Petitioners, Mayer and Ninette Stiskin, are husband and wife. They resided in New York, New York, at the time their petition in this case was filed. Use of the word petitioner in the singular will refer to petitioner husband. In 1980, petitioner became a limited partner in Opal Leasing Associates ("Opal Leasing" or "the partnership"), a limited partnership. His interest in Opal Leasing continued at least into 1982.

On June 13, 1986, the Commissioner issued a notice of the foregoing deficiency to petitioners for the taxable year 1982. The notice of deficiency disallowed losses claimed by petitioners from Opal Leasing on the ground that petitioner was not "at risk" within the meaning of section 465 with respect to his investment in the partnership.

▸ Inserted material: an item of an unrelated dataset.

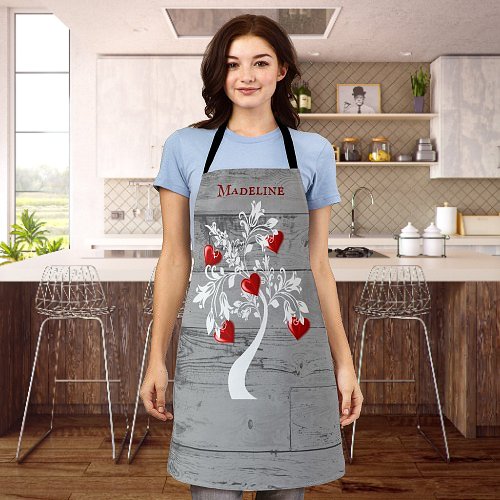 Red Tree of Hearts Personalized Apron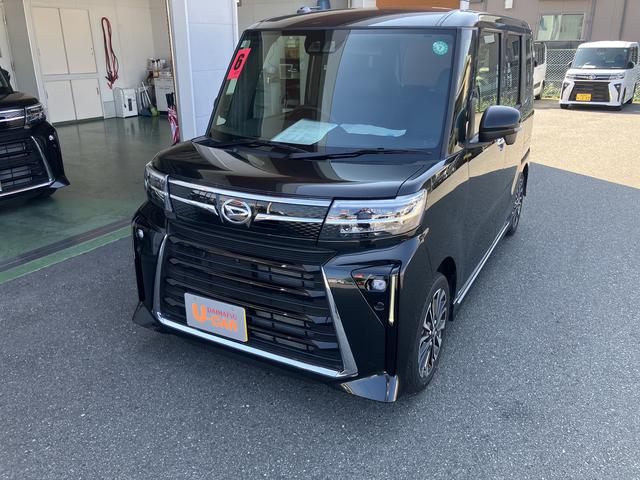 タントカスタムＲＳ　シートヒーター　パノラマモニター踏み間違え防止　タ−ボ　フロントカメラ　スマートキ　オートハイビーム　衝突安全ボディ　キーフリー　ｅｃｏＩＤＬＥ　サイドカメラ　全方向カメラ　バックカメラ付き　ＬＥＤライト　ベンチシート（山口県）の中古車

Petitioners filed their petition with this Court on September 8, 1986. Subsequently, on March 4, 1988, they signed a Form 906, "Closing Agreement on Final Determination Covering Specific Matters". The form was signed by the IRS representative, Associate Chief, NYC Appeals, on March 24, 1988.

Under the closing agreement, petitioners were entitled to an ordinary deduction from taxable income for 1980 in the amount of $6,027, "being equal to 100% of taxpayer's investment in the partnership". The agreement further provided that petitioners were not entitled to any deductions of losses or credits in connection with Opal Leasing for any other taxable year. Also, petitioners would not be liable for additional interest under section 6621(c) or for any additions to tax on any portion of any deficiency arising under the closing agreement.

The IRS did not immediately implement the closing agreement. Meanwhile, there was pending in this Court a tax shelter case involving facts similar to those present here, Thornock v. Commissioner [Dec. 46,464], 94 T.C. 439 (1990). In that case this Court found that, as here, the initial nonrecourse financing, the guarantees made to the partners by other participants in the transaction, together with other features of the transaction, such as the essentially offsetting nature of the various lease and note payments, resulted in a protection against loss for the limited partners under section 465(b)(4). Id. at 450-452. The Court held that the limited partners in the partnership there involved, Tiger Lily, had no real economic liability on the partnership debt, and hence were not "at risk" with regard to the partnership notes. Therefore, the taxpayers were not entitled to flow-through deductions on their income tax returns for those years. Id. at 450. Both Opal Leasing and Tiger Lily were 2 of approximately 160 partnerships included in the so-called EMC Equipment Leasing Project. The Commissioner contends that the financial structure of the transaction in Opal Leasing is factually indistinguishable from the financial structure of the transactions in Thornock for purposes of section 465(b)(4).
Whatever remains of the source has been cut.